Exercise description: From the data that follows, copy every line holding the string "cortical".

(Collected data)
·····

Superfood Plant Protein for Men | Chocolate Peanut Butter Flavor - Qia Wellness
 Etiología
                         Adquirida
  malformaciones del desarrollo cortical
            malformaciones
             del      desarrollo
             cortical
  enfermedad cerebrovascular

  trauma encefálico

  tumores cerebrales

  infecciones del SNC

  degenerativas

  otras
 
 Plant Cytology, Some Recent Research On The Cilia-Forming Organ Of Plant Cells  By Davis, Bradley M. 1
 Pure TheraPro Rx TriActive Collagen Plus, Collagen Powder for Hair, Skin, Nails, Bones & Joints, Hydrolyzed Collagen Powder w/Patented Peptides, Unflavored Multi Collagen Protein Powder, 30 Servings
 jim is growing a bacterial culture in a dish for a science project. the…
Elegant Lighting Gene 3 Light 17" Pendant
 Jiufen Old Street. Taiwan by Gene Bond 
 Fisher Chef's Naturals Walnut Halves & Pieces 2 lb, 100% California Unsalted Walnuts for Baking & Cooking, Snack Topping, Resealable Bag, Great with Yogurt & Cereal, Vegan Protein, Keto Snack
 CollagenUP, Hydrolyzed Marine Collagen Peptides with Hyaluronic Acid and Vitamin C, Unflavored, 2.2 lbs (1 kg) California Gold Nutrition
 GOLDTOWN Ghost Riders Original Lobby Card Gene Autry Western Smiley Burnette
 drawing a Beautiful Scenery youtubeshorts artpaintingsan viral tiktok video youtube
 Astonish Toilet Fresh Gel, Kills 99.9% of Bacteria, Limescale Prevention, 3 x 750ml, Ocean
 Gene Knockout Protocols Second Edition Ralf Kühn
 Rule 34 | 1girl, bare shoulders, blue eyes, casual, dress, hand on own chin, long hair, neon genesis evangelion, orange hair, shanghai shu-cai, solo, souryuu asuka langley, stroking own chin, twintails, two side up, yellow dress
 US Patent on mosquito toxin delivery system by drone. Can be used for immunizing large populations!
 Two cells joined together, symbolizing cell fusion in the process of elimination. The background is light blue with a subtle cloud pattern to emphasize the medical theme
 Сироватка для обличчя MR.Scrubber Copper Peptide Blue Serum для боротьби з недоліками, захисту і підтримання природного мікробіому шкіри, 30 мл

·····

Task solution:
  malformaciones del desarrollo cortical
             cortical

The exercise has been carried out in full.